The weeks before our interview have been especially hard. In April he accepted yet another appeal from Kofi Annan, to be one of a trio of internationally respected figures to head a fact-finding mission to Jenin in the Palestinian territories. 'I am convinced that we could have worked in an independent and impartial way,' says Sommaruga. 'World public opinion had great expectations of our work.' Finally the team had to be disbanded because of opposition from the Israeli Government.

Sommaruga is particularly saddened by the personal attacks on himself which accompanied the controversy over the UN mission. The attacks - based on a two-year-old Washington Post article - related to a complex question which had come to a head during his presidency of the ICRC: the application of the Israeli humanitarian association, the Magen David Adom, to join the Red Cross and Red Crescent Movement.

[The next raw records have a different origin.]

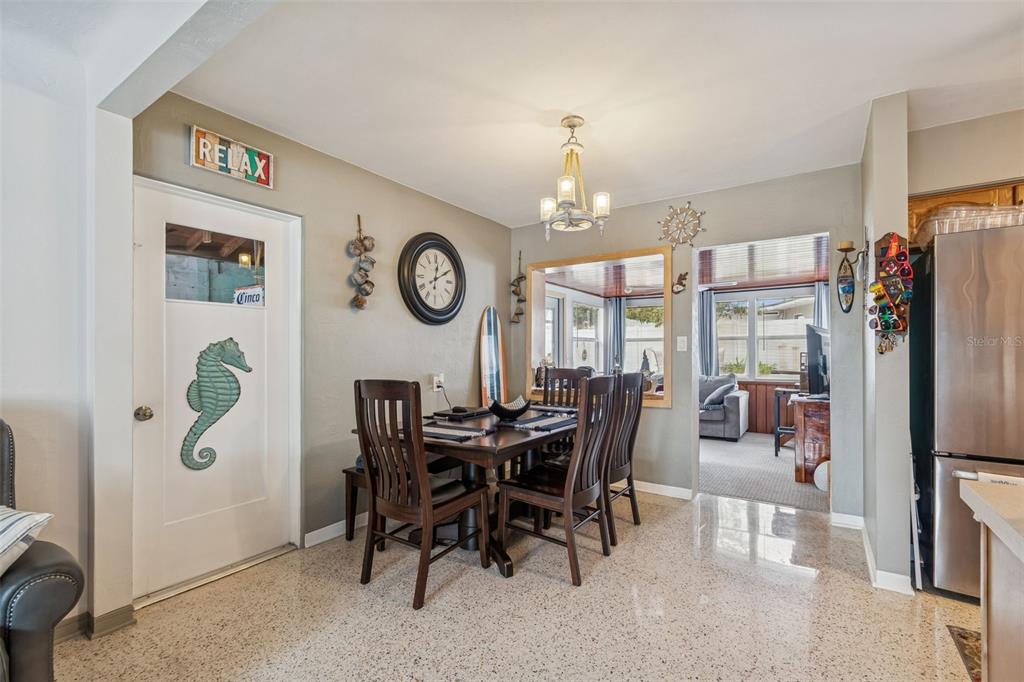 12424 105th Street Largo, FL 33773 - Photo 6 of 45 a view of a dining room and kitchen with furniture and chandelier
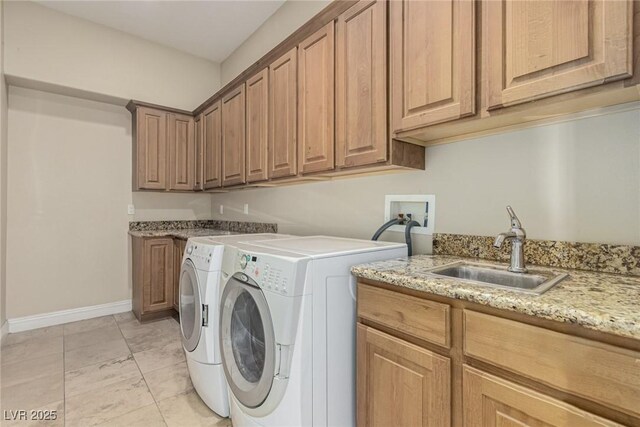 clothes washing area with cabinet space, a sink, baseboards, and separate washer and dryer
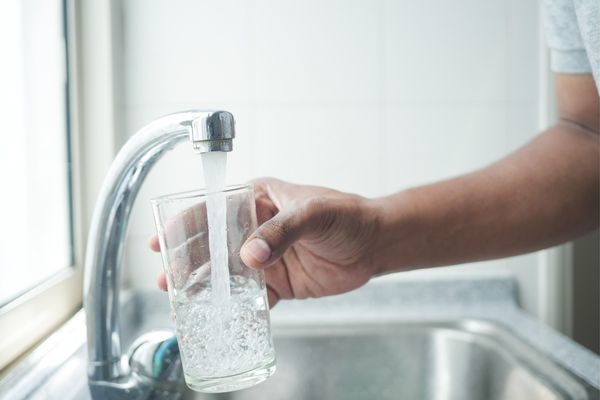 Pouring water to glass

The problem stemmed from the fact that if the Magen David Adom joined, all the states who had signed the Geneva Conventions would need to recognize another symbol along with the Red Cross and the Red Crescent. The symbol of the Magen David Adom was the Star of David.

In 1999 the new head of the American Red Cross demanded the immediate recognition of the Israeli society. In an attempt to explain the complexities of the issue, Sommaruga stressed that because it involved amending the Geneva Conventions, the decision didn't depend on the Red Cross, but rather on governments. He went on to say, as an example, that the Ceylonese Red Cross had asked for the reversed swastika - a Hindu religious symbol - to be recognized as their symbol. The American Red Cross head stormed out of the meeting.
Negotiations continued, and before the current round of conflict in the Middle East, the way seemed to be clear for an agreement on a new, neutral international symbol - a red diamond, with the red cross, crescent or star in one corner for those who wished it.

Jewish friends who rallied to Sommaruga's defence say that they've not heard an anti-semitic remark from him in 30 years. The ICRC broke new ground during his presidency by releasing a history of the movement through the terrible years of the Second World War. Sommaruga followed this up with public apologies for the failures of the Red Cross during the Holocaust. Among the many honours and signs of recognition that Sommaruga has received for his work, he is proud of the Presidential Award from the University of Tel Aviv.

What rubs salt in the wounds of this most accessible of men is that journalists have repeated this one unfounded attack without once coming back to him to ask for his comments or confirmation. The Washington Post didn't publish his letter of protest until this current round of attacks two years after the original article.

On his retirement from the Red Cross, Sommaruga accepted to become the President of the Foundation for Moral Re-Armament in Switzerland, now known as Caux - Initiatives of Change. He also became the President of the Geneva International Centre for Humanitarian Demining - the Red Cross, under his presidency, was at the heart of the international treaty to ban anti-personnel landmines. He is also Chairman of the Karl Popper Foundation, Chairman of the Board of a bank (JP Morgan, Switzerland), and a member of the Board of the Open Society Institute set up by financier George Soros.

His latest responsibility is as President of the newly created International Association of Initiatives of Change - a federation of MRA/IC's different national legal bodies. He speaks of 'the wonderful international network of motivated people', but sees the need for more transparency between national groups. It's vital to know where we are coming from as a movement, to build on the best of the past and to deepen personal change, he believes.

With all these activities, it's never easy to find enough time to spend with the family that he loves so dearly. All six children are married, and there are now 13 grandchildren, and a 14th expected any day now. Fortunately, he is an adept user of the telephone and now e-mail, and for 30 years he has posted a card to each of the children from every foreign country he visits. 'They always know where I am,' he insists. It has become a quasi-religious tradition to gather all the family together over Whitsun, taking over the best part of a small hotel.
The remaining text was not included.